Several Late Paleozoic cyclothems of Midcontinent North America are characterized by unique and often abundant core shale conodont faunas permit recognition of individual cycles. Application of the Midcontinent conodont sequence biostratigraphic timescale to basins of western North America, however, has yielded only mixed results. In the thicker, carbonate-dominated western sections, a Midcontinent-type core shale is poorly developed or absent and a corresponding conodont fauna more difficult to obtain. Conodont faunas that are recovered from the strongly cyclical carbonates generally come from shallower-water facies than the core shale and faunal differences owing to ecology make identification of the faunas of individual Midcontinent cycles problematic.

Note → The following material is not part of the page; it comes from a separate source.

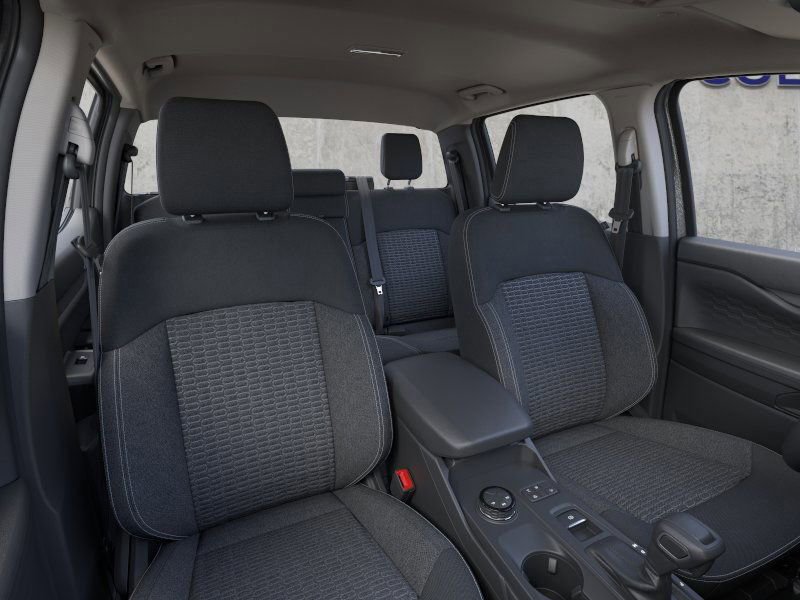 New 2026 Ford Ranger XL w/ Trailer Tow Package image 10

At least nine Midcontinent cycles can be recognized in Moscovian and Kasimovian strata of the Paradox basin (eastern Utah) on the basis of their constituent conodonts, thereby enabling correlation of several other cycles by extrapolation. The late Moscovian-Asselian sea level history of the eastern Ely basin (eastern Nevada) has been greatly improved through comparison with the Midcontinent. Rapid sedimentation and low conodont yields complicate correlations in the Oquirrh basin (northern Utah). The exquisitely exposed Moscovian-Kasimovian section at Arrow Canyon (Bird Spring trough, southern Nevada) contains only a few conodont-bearing horizons and these are dominated by generalized idiognathodids. Conodont faunas in Moscovian-Asselian strata in the Pedregosa basin in southwest New Mexico (Horquilla Limestone) are comparable to selected Midcontinent faunas and permit recognition of the Carboniferous-Permian boundary. Deep-water carbonate turbidites of the Keeler Canyon basin of southeastern California yield poorly preserved conodont elements that permit only tentative correlation to the Midcontinent.

This preliminary research suggests that a modified scheme of conodont sequence biostratigraphic units may need to be developed for the western United States, which can then be tied to Midcontinent sequence biostratigraphic timescale as the conodont faunas permit.